Thursday, July 10, 2014

Sometimes you just have to listen.


This one is for the woman I met in the bookstore yesterday.  A book triggered her grief, and she needed someone to listen.  I'm glad I was there.

To K-
The sadness was plain in your eyes.
I wondered, "What causes the tears she cries?"
Weary wells, windows of your soul,
They poured it all out.
A stranger, I might walk away,
The choice to stay was just as simple.
Could I not lend my ear? 
You didn't expect me to listen,
Much less respond, sharing in kind.
But, I had to.  Someone did.
You needed a tether to the world,
And I let my own fall away,
That afternoon, I needed to hear what you needed to say.
I didn't have the answers you sought to find,
But, I hope it gave you some small comfort,
Knowing I am just as unknowing.


One thing I've learned about grieving, everyone does it their own way, in their own time.  She thanked me as we parted, for taking the time to listen, but I should be thanking her.  It was a reminder of what is important - how we treat those around us.  We share this world together, for the little time we have on it.  Small acts of kindness cost nothing, and are more rewarding than you think.  When others have shown me kindness, I appreciated it more than they probably know.  I do believe things happen for a reason, even if we never understand why in this life.     

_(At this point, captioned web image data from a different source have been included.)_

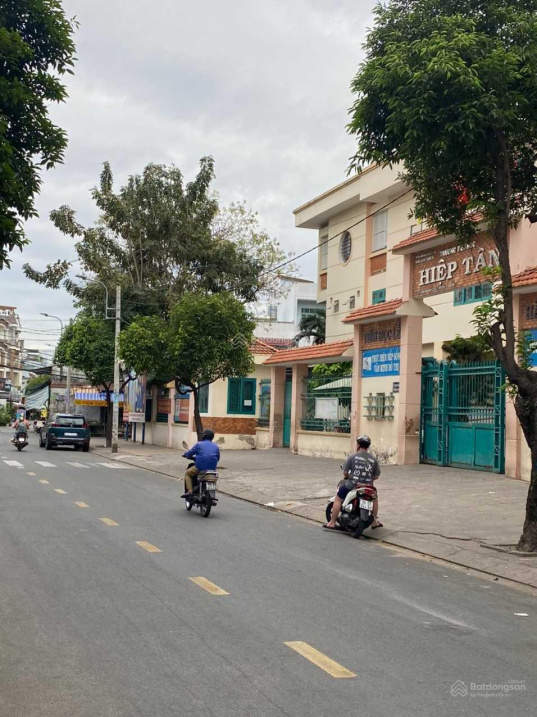 3855287 ảnh đại diện 1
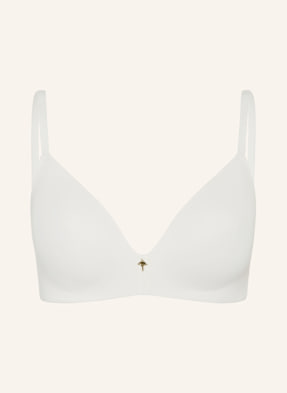 Joop! T-Shirt-Bh weiss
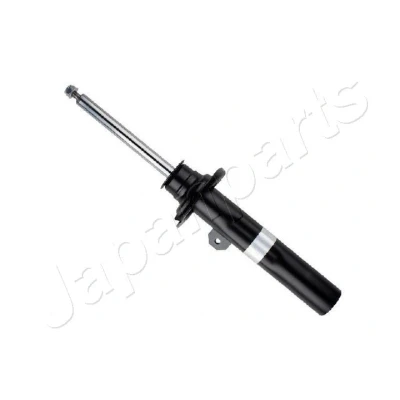 Kuva Iskunvaimennin JAPANPARTS MM 00912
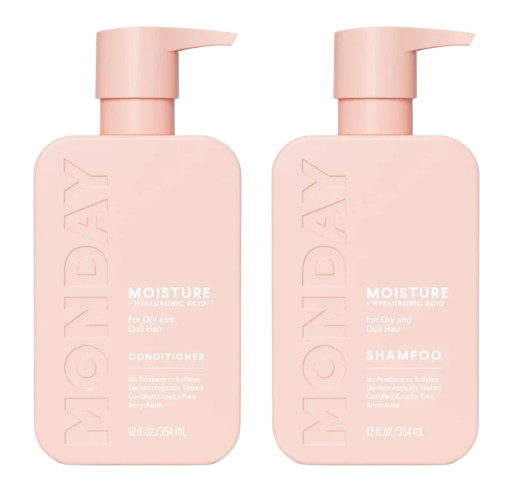 CeraVe Daily Moisturizing Lotion 87ml – 100% Original Imported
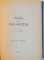 VIATA LUI ISUS HRISTOS , A DOUA EDITIE ROMANEASCA de E.G. WHITE , 1993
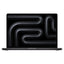 Apple MacBook Pro - 16.2’’ / M3 Max / 16-Core CPU / 40-Core GPU / 128GB RAM / 2TB SSD / Arb/Eng / Space Black / 1YW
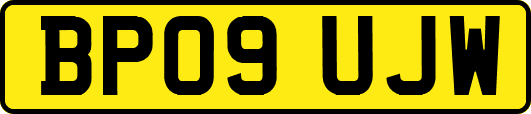 BP09UJW
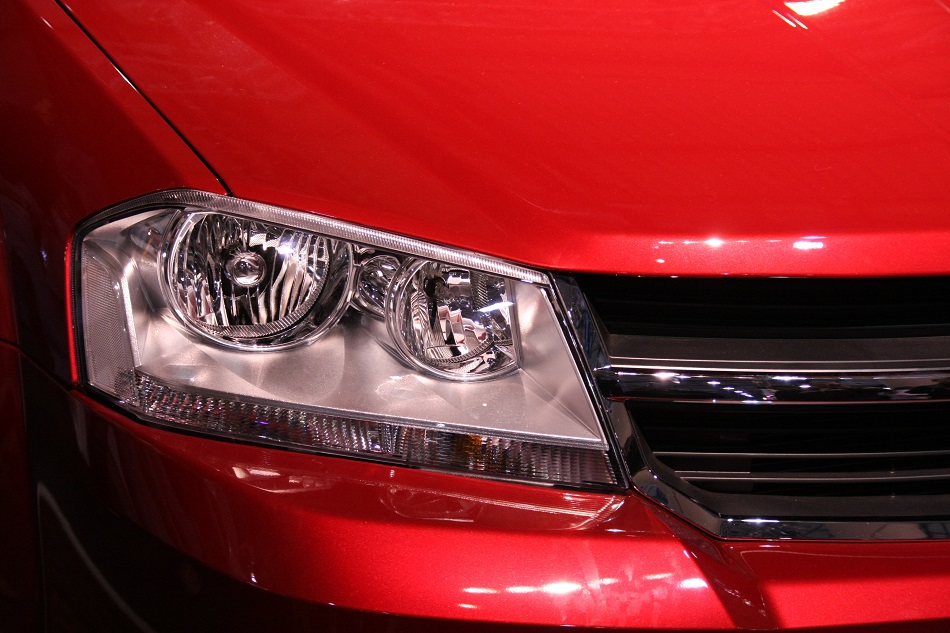 Dodge Repair In Smyrna, GA Dodge Repair In Smyrna, GA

K-, this rose is for your mother.  I hope you and I meet again one day.  Even more, I hope your heart finds peace.


I hope you all have a beautiful day!
Roari

Monday, June 30, 2014

Is there a light at the end of this dark cave I've crawled into?



Sometimes I wonder what it would be like without all of these characters in my head, chattering away, nagging me to let them out.  Quieter?  More organized?  More focused?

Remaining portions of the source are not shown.